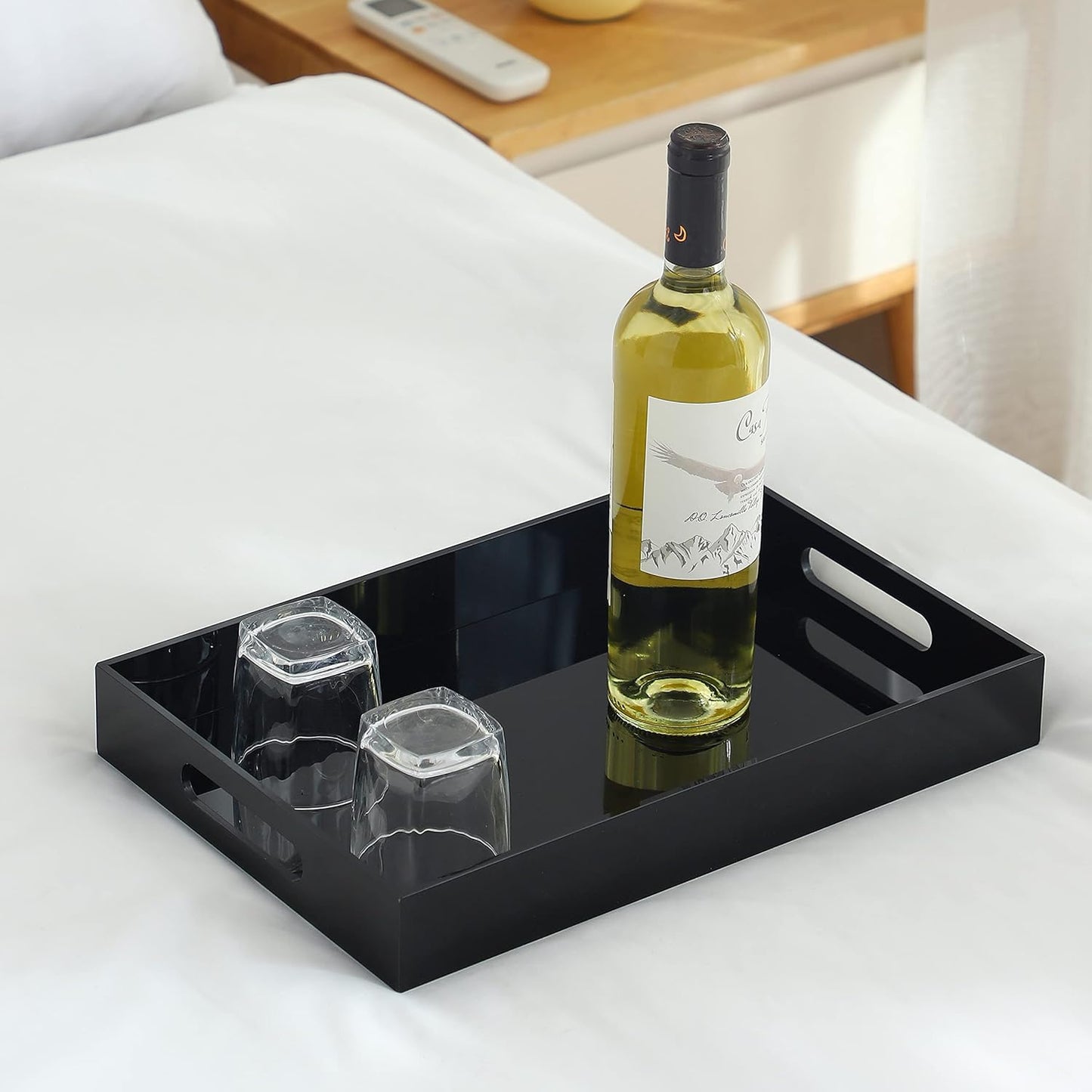 Black Oversize Acrylic Serving Tray with Handles 10x15 Inch -Spill Proof- Decorative Trays Countertop Organizer for Ottoman,Nightstand, Sidetable, Butler (10X15 Inch, Black)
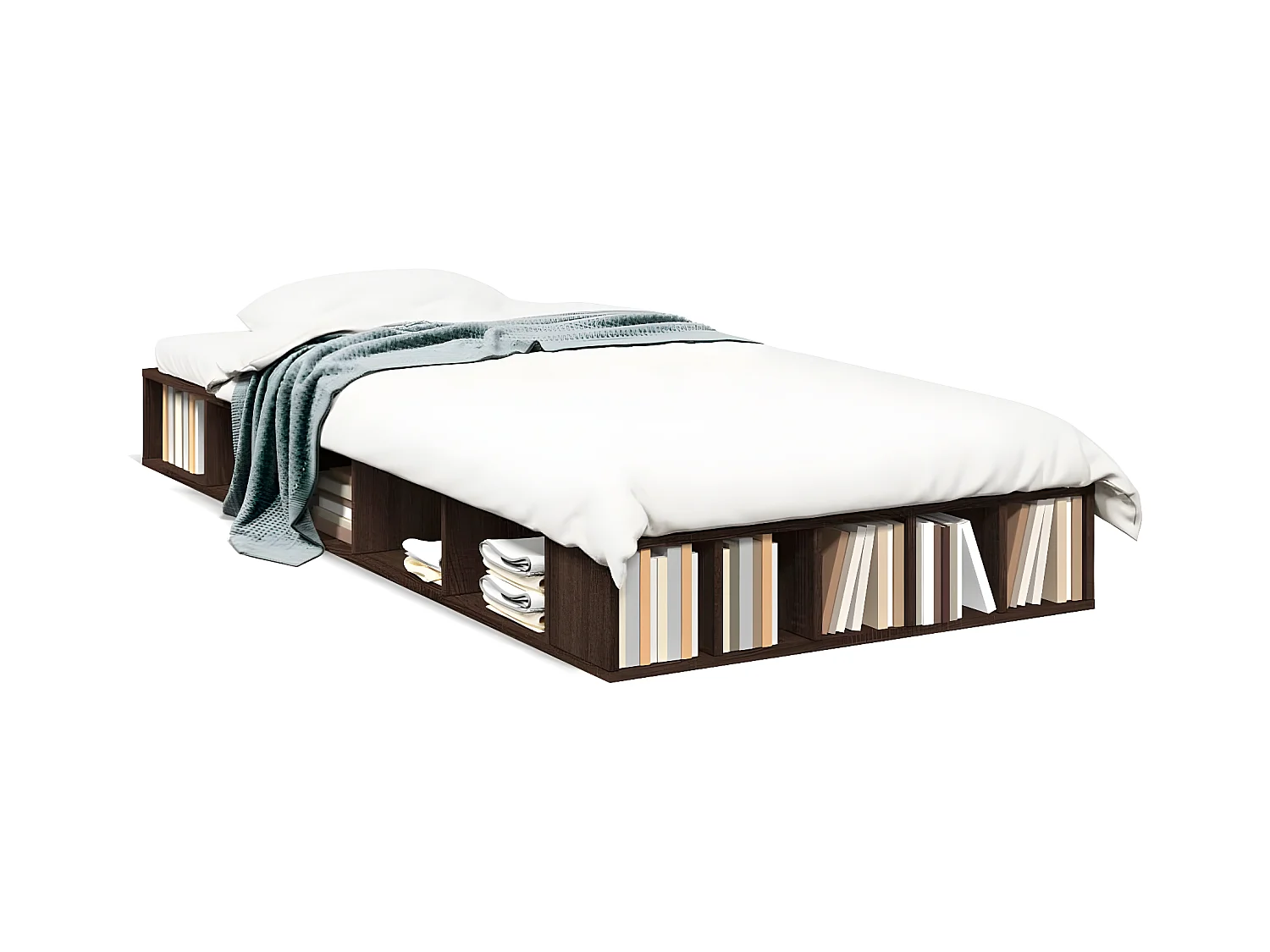 Cadre de lit chêne marron 100x200 bois d'ingénierie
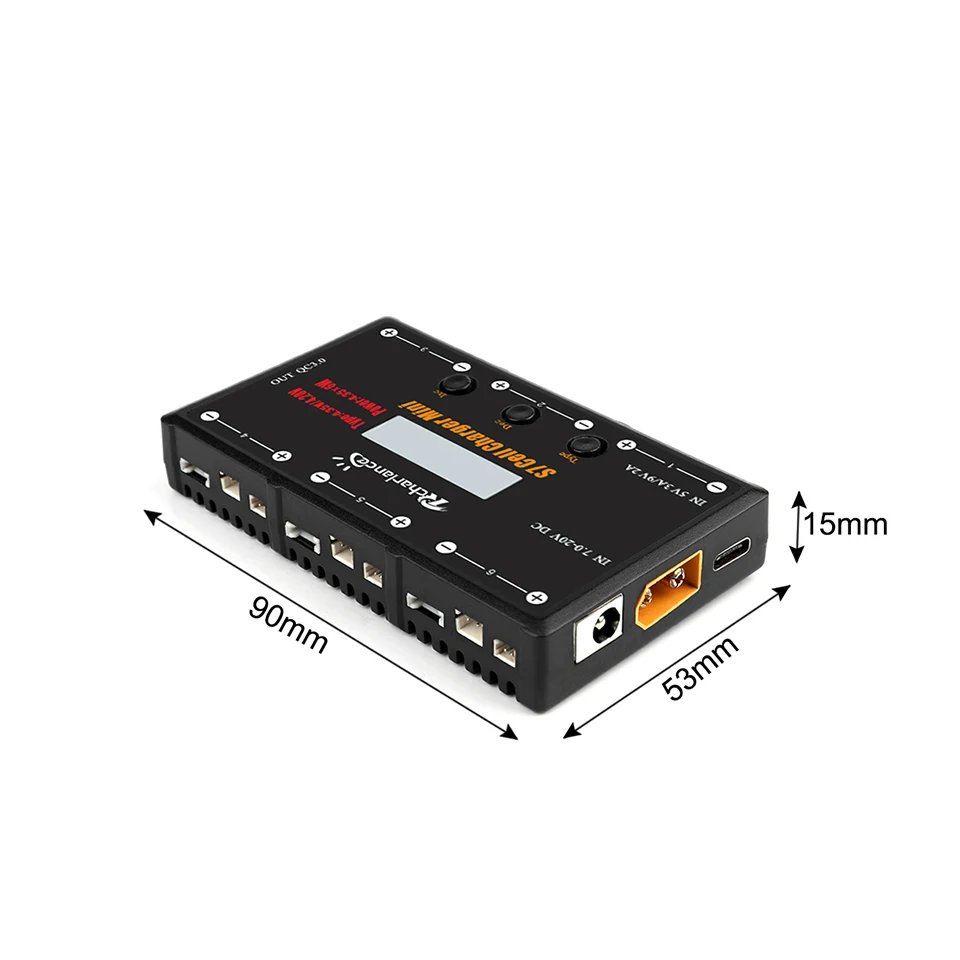 6 канальный 1S LiPo / LiHV зарядное устройство 4 35 Вт/MCX Mcpx MOLEX порт QC 3 0 type C XT60 2 4S DC вход
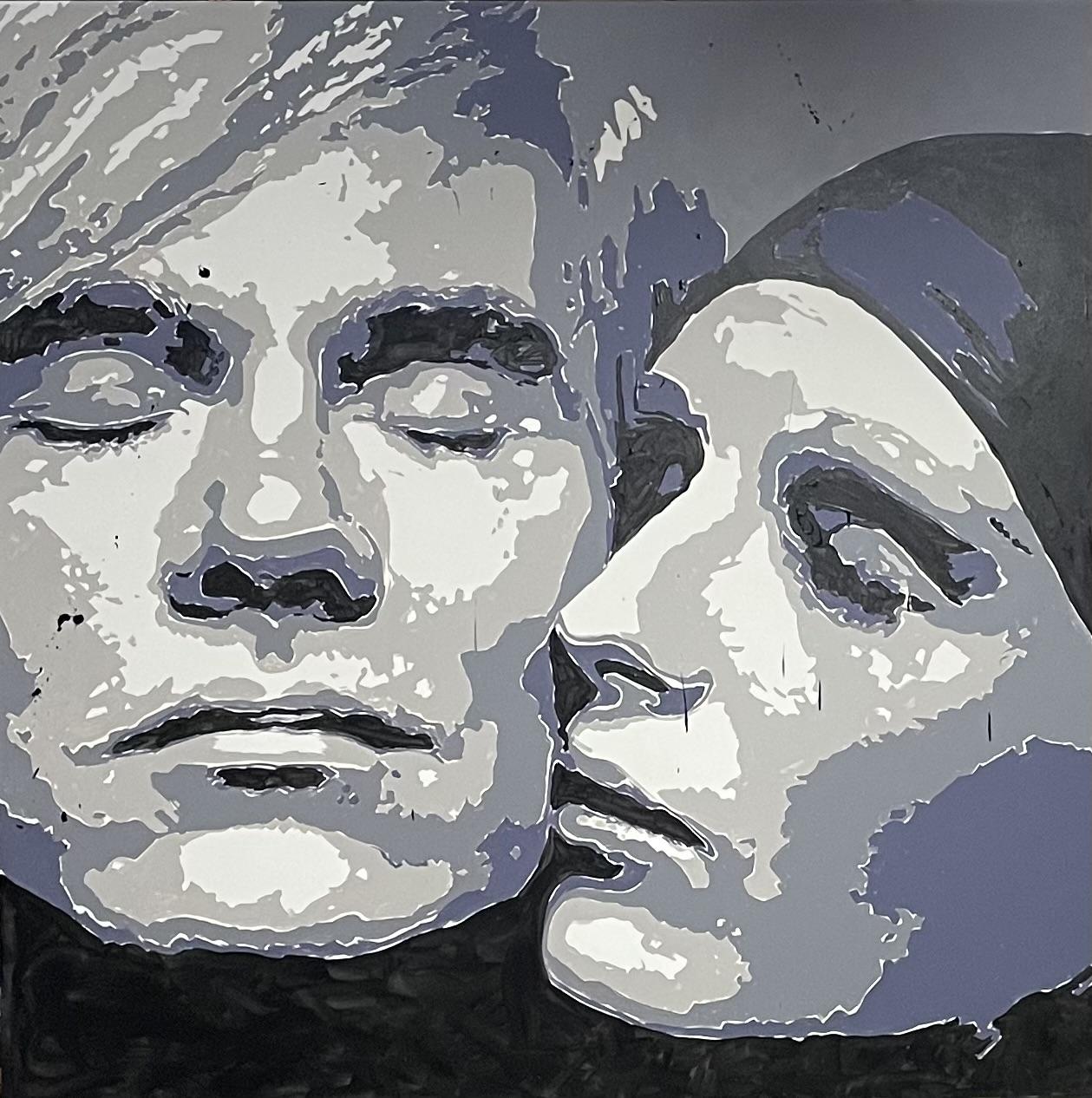 Figurative abstract of Andy Warhol and Candy Darling. This piece was was made to show the love and friendship between 2 distinctive artists and how it should represent the same feeling today.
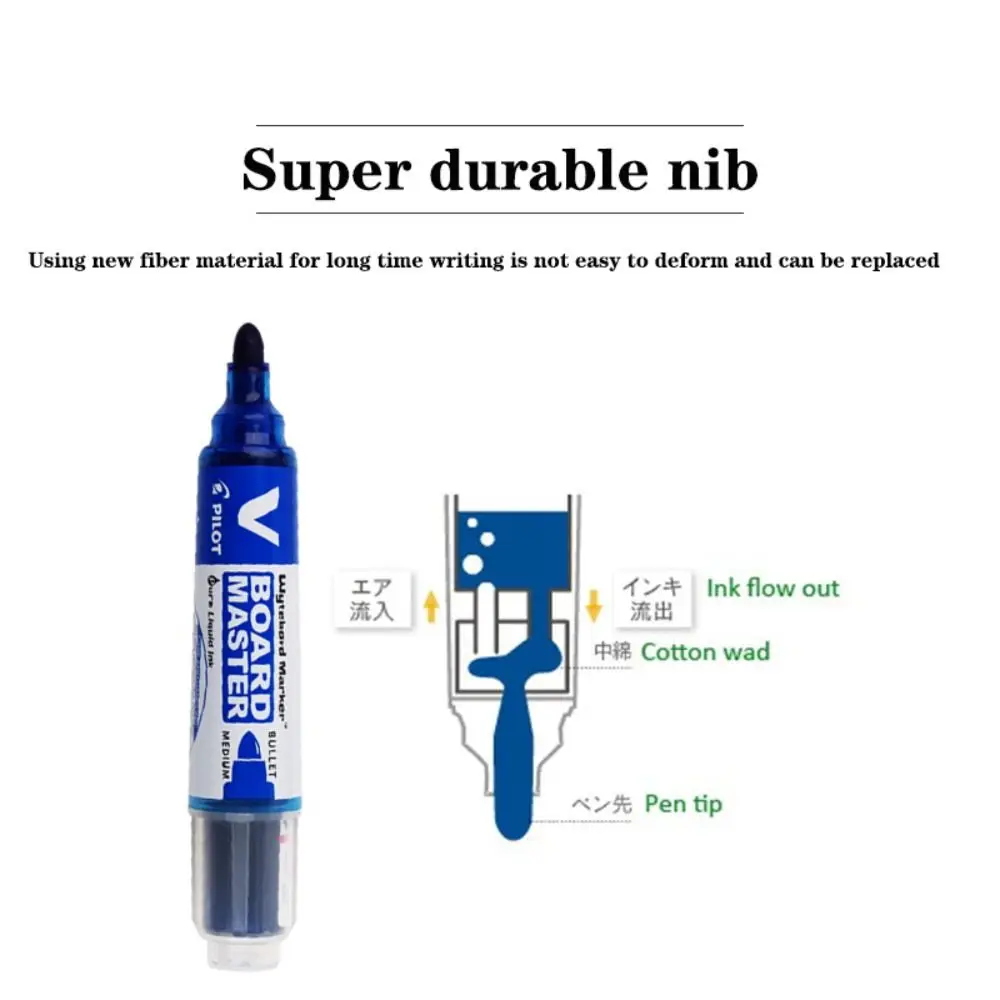 2.3mm Pilot Whiteboard Marker Large Capacity Erasable Painting Supplies Refillable Liquid Ink Medium Bullet Teacher Stationery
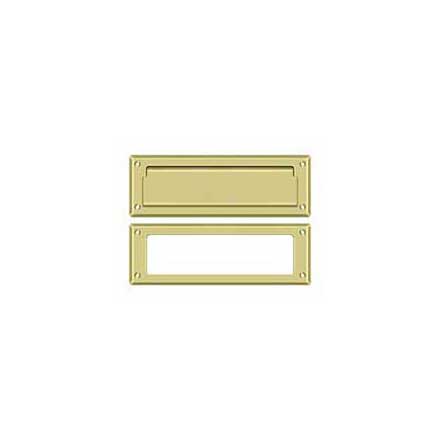 Deltana [MS626U3] Solid Brass Door Mail Slot - Interior Frame - Polished Brass Finish - 8 7/8" L
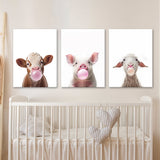 Nursery Baby Cow Pig Sheep 5 Wall Art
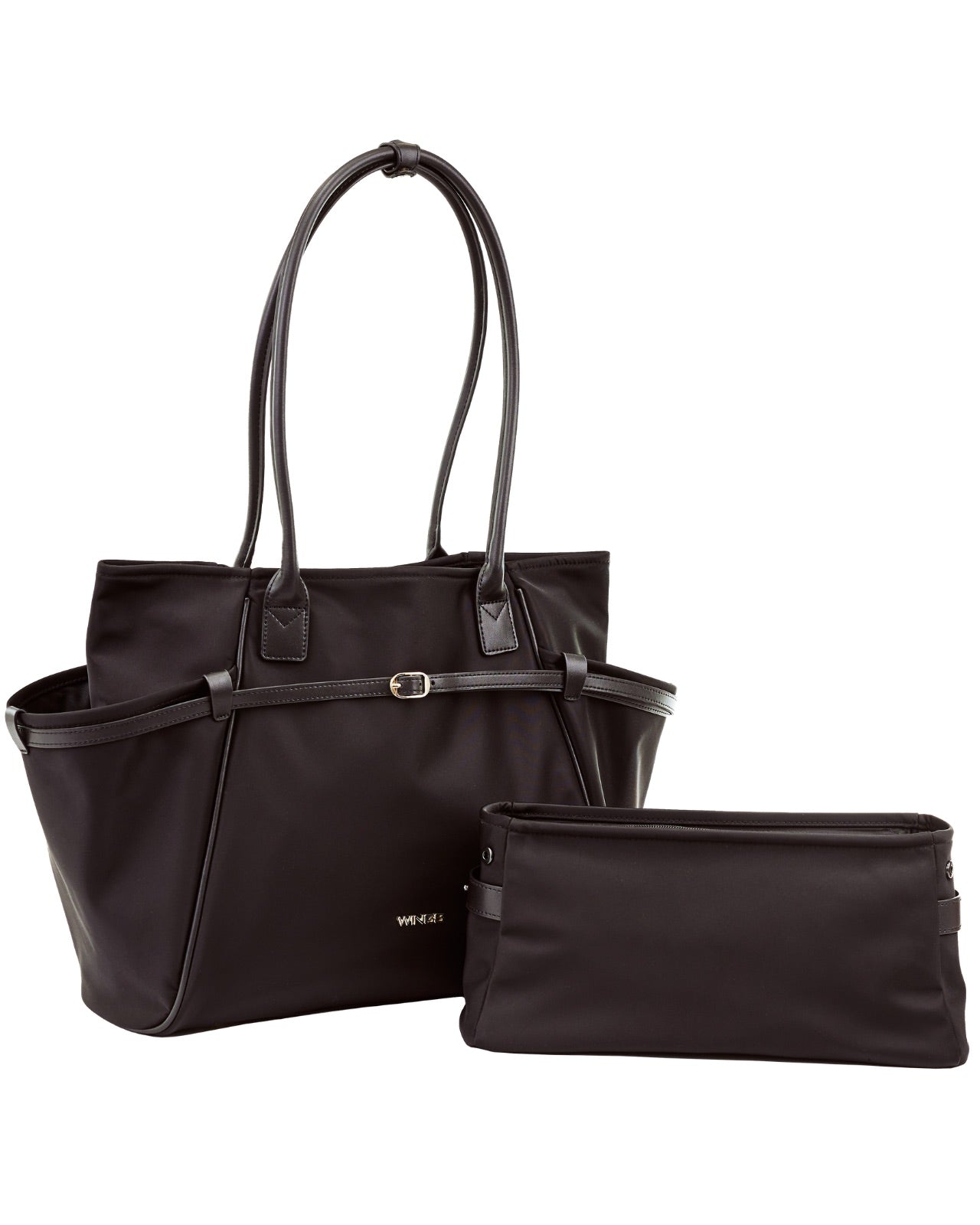 Torba shopper WINGS ROSELLA z odpinaną kosmetyczką i pasem na walizkę BLACK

━━━━━━━━━━━━━━━━━━━━

Each line from the one containing "6 канальный 1S" through the end of the listing is to be set down exactly, with all pictures left out.

• Exercise result:
 6 канальный 1S LiPo / LiHV зарядное устройство 4 35 Вт/MCX Mcpx MOLEX порт QC 3 0 type C XT60 2 4S DC вход
 Figurative abstract of Andy Warhol and Candy Darling. This piece was was made to show the love and friendship between 2 distinctive artists and how it should represent the same feeling today.
 2.3mm Pilot Whiteboard Marker Large Capacity Erasable Painting Supplies Refillable Liquid Ink Medium Bullet Teacher Stationery
 Deltana [MS626U3] Solid Brass Door Mail Slot - Interior Frame - Polished Brass Finish - 8 7/8" L
 Nursery Baby Cow Pig Sheep 5 Wall Art
 Torba shopper WINGS ROSELLA z odpinaną kosmetyczką i pasem na walizkę BLACK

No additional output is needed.